Dr. Bang Awarded NIH Grant for Craniofacial Pain Research

The National Institutes of Health’s National Institute of Dental & Craniofacial Research has awarded Duke Anesthesiology’s Sangsu Bang, PhD, a two-year $322,000 R03 grant for his project titled, “Resolvin Receptor Signaling in Trigeminal Sensory Neurons.”

Pain management in craniofacial pathology is a major clinical challenge. Although many people suffer from chronic inflammatory pain caused by a temporomandibular joint disorder (TMJD) and other chronic oral and facial diseases, there is no effective treatment. Bang, a research scientist in Dr. Ru-Rong Ji’s Sensory Plasticity and Pain Research Laboratory, proposes a novel molecular mechanism for the resolution of tertiary pain where RvE1-induced ChemR23 activation can inhibit TRPV1 signaling. He will demonstrate how TRPV1 modulates oral inflammatory pain through ChemR23, which will help develop effective therapies and advance the understanding of how neurogenic inflammation is controlled.

Bang’s previous study demonstrated that lipid mediators derived from omega-3 polyunsaturated fatty acids, such as resolvin E1 (RvE1), were effective in inhibiting inflammatory pain by regulating TRPV1. However, it is unclear whether RvE1 can inhibit TMJ pain in the trigeminal nervous system, the role of its receptor ChemR23, and its relevance to clinical translation.

Bang’s preliminary data finds that ChemR23 is co-expressed with TRPV1 using the ATAC-Seq database, RvE1 was decreased in the TMJ-CFA model using ELISA detection, and RvE1 can reduce TMJ pain using the biting force method. Based on this, they hypothesize that a RvE1/ChemR23 signaling pathway resolves TMJ pain by suppressing TRPV1 function.

In Aim1, Bang and investigators predict that the RvE1/ChemR23 pathway will be downregulated during the TMJ-CFA model. In Aim2, they will investigate the mechanism of pain suppression through ChemR23/TRPV1 through animal behavioral experiments. In addition, they will use unilateral CFA injection to the TMJ to test the hypothesis that RvE1 inhibits TMJ pain via ChemR23. And in Aim3, they will examine whether ChemR23 and TRPV1 mechanisms can be applied to human sensory neurons through Co-IP assay and real-time PCR using Human DRG and TG provided by Co-I.

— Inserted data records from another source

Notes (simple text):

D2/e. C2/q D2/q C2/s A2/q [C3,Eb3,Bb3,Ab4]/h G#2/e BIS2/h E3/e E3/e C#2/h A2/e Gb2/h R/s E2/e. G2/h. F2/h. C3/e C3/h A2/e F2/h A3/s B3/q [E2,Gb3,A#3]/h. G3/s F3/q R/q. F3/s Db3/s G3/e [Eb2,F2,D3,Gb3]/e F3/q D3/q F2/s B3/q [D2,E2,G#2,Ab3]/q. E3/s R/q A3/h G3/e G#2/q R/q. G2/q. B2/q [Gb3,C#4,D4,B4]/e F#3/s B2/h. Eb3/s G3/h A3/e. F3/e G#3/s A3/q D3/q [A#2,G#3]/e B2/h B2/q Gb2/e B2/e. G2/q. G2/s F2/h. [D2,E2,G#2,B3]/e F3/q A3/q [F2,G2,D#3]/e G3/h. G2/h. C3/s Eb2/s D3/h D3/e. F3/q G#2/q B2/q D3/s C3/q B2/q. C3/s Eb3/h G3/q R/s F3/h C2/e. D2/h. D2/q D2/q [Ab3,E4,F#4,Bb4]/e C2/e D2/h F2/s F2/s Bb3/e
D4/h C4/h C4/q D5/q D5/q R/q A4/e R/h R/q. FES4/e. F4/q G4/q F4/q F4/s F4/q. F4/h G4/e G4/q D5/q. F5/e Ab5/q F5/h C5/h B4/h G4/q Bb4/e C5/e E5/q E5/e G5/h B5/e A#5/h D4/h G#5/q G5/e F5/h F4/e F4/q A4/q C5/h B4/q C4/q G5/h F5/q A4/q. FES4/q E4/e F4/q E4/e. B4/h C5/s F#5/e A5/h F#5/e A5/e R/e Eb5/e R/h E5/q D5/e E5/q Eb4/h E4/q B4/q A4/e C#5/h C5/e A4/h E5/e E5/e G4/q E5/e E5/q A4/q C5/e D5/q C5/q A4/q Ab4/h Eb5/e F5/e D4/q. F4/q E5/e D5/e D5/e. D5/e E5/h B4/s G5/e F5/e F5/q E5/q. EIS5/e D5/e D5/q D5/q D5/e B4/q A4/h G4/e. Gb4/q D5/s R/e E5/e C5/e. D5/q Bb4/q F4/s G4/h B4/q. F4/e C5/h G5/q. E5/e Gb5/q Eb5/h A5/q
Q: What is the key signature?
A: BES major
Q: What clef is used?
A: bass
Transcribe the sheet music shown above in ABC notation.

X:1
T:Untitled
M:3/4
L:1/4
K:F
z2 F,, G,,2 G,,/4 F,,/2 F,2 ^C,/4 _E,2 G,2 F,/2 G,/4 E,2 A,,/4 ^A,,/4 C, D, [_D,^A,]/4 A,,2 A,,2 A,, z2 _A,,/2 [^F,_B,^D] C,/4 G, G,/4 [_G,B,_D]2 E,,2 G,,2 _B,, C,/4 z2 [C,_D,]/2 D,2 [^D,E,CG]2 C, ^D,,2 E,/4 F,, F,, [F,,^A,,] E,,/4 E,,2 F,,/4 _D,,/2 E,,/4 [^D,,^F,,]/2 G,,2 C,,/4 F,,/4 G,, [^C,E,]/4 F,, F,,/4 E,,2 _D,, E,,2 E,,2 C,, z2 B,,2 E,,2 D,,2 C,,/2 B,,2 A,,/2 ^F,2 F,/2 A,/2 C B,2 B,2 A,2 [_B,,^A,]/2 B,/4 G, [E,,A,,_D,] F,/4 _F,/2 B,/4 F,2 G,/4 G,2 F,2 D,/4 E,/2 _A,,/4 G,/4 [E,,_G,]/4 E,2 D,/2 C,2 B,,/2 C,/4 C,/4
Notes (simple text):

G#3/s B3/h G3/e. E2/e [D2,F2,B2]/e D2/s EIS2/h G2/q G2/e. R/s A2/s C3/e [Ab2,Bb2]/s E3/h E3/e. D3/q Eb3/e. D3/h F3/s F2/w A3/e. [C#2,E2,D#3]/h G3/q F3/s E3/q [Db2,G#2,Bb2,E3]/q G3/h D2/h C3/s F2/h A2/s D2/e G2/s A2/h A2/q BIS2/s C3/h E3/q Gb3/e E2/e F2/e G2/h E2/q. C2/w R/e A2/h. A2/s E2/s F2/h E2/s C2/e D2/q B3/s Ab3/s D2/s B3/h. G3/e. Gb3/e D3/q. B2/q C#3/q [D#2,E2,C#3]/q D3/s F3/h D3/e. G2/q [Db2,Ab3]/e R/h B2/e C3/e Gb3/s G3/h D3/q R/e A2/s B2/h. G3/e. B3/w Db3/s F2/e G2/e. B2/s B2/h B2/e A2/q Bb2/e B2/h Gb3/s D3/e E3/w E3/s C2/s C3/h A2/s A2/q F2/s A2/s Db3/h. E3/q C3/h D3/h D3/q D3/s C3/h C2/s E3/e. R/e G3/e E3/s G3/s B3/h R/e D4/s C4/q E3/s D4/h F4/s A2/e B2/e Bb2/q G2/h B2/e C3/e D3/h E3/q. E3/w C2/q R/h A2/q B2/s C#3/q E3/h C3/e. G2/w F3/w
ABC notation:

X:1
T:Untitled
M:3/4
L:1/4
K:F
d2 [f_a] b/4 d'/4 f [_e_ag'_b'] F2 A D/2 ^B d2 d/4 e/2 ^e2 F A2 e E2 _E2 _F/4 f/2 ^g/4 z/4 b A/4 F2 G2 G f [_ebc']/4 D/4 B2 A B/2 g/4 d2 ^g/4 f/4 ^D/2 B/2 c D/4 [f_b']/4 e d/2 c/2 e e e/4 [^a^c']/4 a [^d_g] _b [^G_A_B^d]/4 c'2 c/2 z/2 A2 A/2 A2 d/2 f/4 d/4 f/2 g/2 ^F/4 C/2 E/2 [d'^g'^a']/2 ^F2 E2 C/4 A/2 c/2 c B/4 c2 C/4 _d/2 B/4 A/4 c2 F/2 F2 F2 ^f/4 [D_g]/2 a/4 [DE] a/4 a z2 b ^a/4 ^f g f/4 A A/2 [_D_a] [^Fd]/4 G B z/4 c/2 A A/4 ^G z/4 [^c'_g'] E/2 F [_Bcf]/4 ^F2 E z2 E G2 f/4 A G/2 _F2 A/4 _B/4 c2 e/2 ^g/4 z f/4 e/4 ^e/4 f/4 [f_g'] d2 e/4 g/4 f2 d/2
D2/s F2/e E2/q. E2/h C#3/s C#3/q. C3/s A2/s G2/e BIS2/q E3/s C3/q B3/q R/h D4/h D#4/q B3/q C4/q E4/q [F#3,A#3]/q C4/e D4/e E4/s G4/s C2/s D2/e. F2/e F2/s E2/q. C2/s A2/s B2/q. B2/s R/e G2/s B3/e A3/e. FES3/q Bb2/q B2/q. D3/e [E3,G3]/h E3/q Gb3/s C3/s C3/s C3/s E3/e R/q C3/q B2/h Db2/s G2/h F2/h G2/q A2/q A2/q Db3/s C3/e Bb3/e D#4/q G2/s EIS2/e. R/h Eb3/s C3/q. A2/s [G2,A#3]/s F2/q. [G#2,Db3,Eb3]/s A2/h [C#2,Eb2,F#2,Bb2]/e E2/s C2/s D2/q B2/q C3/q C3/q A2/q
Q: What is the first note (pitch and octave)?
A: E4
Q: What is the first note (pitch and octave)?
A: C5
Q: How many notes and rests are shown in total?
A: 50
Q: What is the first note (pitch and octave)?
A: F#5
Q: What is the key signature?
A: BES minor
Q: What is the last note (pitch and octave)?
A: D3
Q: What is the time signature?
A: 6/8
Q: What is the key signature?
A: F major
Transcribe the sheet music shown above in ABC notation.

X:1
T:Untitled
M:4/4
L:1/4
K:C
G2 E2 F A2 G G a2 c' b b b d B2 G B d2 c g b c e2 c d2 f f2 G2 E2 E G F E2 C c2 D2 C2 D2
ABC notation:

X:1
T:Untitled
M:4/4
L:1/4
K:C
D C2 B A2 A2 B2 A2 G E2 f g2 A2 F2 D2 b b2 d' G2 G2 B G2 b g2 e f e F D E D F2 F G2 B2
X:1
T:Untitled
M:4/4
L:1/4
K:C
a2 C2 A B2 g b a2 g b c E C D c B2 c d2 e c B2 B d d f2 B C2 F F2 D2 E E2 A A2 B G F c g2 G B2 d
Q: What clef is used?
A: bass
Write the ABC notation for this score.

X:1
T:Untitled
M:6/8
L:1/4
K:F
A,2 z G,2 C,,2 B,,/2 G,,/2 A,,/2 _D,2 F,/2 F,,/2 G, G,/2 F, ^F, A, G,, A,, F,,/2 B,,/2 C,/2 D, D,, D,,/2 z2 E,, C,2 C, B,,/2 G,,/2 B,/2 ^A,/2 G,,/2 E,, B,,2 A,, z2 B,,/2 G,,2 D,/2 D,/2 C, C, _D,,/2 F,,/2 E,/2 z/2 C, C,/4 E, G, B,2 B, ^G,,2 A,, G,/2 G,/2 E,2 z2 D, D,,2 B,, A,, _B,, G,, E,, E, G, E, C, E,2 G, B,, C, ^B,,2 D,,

This project is expected to provide a new path for TMJ pain control. It will enable the development of new drugs aimed at TMJ and broaden our understanding of the disease. Additionally, this proposal will provide fundamental data for future research, such as investigating the role of additional resolvins and other TRP channels in human serum and chronic animal models.